Con singolare tempismo il colosso petrolifero russo Gazprom ha annunciato oggi di aver prodotto le prime quantità commerciabili di petrolio dalla controversa piattaforma di trivellazione Prirazlomnaya nel mare della Pechora. Per Greenpeace ormai quello nell’Artico è solo un disastro annunciato.
La piattaforma Prirazlomnaya è stata al centro della protesta di Greenpeace dello scorso settembre che ha portato all’arresto e all’incarcerazione di 28 attivisti e due giornalisti freelance. Gli Arctic30 sono stati inclusi nell’amnistia adottata dal Parlamento russo lo scorso mercoledì.
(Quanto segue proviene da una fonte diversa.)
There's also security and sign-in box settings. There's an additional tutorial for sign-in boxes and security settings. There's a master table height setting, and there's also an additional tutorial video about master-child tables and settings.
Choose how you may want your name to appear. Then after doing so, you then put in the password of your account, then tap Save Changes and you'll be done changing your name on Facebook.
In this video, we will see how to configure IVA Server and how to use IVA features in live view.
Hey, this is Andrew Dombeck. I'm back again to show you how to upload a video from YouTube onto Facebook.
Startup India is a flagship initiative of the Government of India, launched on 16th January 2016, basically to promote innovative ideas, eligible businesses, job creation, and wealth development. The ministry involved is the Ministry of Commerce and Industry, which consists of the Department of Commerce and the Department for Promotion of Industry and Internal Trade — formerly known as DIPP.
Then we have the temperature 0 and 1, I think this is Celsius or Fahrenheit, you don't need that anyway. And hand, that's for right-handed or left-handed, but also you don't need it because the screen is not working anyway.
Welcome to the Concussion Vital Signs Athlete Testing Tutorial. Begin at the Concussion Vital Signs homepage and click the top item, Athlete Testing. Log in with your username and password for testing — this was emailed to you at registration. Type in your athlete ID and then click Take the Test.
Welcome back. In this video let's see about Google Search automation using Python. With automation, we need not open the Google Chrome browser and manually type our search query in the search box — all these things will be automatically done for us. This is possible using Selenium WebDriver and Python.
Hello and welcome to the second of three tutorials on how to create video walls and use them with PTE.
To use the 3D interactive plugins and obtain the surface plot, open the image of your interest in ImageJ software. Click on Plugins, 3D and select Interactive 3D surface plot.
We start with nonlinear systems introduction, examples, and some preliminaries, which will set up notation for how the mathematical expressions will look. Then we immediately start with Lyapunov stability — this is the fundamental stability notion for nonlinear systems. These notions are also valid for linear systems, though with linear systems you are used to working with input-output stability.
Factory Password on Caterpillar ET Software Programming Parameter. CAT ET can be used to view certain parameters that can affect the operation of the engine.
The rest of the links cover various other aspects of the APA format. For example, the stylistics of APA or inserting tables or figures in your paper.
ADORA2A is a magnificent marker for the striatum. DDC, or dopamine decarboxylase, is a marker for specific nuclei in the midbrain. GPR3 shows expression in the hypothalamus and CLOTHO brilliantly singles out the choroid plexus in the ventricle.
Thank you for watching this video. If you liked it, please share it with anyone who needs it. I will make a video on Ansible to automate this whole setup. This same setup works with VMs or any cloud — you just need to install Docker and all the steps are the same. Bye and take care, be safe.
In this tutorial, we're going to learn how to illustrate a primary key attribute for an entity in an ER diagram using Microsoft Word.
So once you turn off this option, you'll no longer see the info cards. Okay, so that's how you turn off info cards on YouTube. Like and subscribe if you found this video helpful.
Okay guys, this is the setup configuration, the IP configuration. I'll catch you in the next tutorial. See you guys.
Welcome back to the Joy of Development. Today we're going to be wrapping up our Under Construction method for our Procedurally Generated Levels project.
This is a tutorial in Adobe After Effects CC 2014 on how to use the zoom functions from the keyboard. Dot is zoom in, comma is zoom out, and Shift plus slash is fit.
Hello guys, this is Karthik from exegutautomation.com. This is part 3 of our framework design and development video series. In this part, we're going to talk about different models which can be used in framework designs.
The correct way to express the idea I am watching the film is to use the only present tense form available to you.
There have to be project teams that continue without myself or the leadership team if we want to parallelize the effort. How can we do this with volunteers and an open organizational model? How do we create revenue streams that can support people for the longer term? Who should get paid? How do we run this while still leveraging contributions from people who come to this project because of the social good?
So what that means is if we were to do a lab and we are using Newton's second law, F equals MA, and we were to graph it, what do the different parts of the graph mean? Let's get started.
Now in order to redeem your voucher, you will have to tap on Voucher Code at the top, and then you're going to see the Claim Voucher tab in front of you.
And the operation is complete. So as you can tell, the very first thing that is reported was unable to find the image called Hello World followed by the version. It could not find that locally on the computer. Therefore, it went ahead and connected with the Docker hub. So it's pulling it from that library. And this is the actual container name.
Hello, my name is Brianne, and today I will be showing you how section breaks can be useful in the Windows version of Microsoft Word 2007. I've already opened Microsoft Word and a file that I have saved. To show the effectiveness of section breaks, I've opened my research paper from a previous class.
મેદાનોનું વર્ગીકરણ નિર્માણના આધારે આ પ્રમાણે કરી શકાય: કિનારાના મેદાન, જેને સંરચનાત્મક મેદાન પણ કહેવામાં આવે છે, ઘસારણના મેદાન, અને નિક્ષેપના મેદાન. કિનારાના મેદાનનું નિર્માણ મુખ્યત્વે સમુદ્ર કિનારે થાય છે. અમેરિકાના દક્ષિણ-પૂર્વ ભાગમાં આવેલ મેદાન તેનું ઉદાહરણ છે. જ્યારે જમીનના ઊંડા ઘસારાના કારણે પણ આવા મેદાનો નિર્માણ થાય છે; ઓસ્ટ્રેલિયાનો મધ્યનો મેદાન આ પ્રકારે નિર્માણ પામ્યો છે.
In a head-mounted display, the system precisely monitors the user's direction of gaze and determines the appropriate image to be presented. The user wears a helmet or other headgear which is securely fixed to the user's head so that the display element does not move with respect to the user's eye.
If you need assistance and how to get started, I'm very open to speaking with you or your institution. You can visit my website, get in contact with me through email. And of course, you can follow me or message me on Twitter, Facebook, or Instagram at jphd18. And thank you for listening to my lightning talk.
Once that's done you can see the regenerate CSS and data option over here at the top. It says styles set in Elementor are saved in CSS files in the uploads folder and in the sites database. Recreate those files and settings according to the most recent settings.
“Questa è una giornata buia per l’Artico. Gazprom è la prima compagnia a estrarre petrolio dalle acque ghiacchiate dell’Artico e i suoi precedenti nelle trivellazioni terrestri sono preoccupanti” afferma Faiza Oulahsen, attivista olandese degli Arctic30. “È impossibile credere che l’azienda possa trivellare in condizioni di sicurezza in una delle più belle e fragili regioni della Terra. Questo è il motivo per il quale ho trascorso gli ultimi due mesi della mia vita in prigione ma sono solo una delle milioni di persone che si oppongono a questa folle corsa all’oro nero. È singolare che proprio ora che torniamo a casa Gazprom avvii la produzione, ma questo non ci dissuaderà dal continuare la nostra battaglia per salvare l’Artico. Abbiamo scoperto quantità di petrolio ben superiori a quelle che dovremmo estrarre se vogliamo fermare i cambiamenti climatici”.
L’Artico è uno degli ambienti più difficili che si possano immaginare. Temperature gelide, ghiacci,mesi di completo buio, tempeste e venti forti mettono a rischio qualsiasi operazione delle compagnie petrolifere. Non c’è alcun metodo sperimentato di ripulire una fuoriuscita di petrolio nel ghiaccio e perfino un piccolo incidente avrebbe conseguenze devastanti sul fragile ecosistema artico.
Gazprom ha firmato anche un accordo con Shell nonostante nei precedenti tentativi della compagnia anglo-olandese in Alaska si siano verificati diversi incidenti e violazioni delle misure di sicurezza. La partnership rappresenta sicuramente un pessimo affare per gli investitori di Shell e per l’ambiente.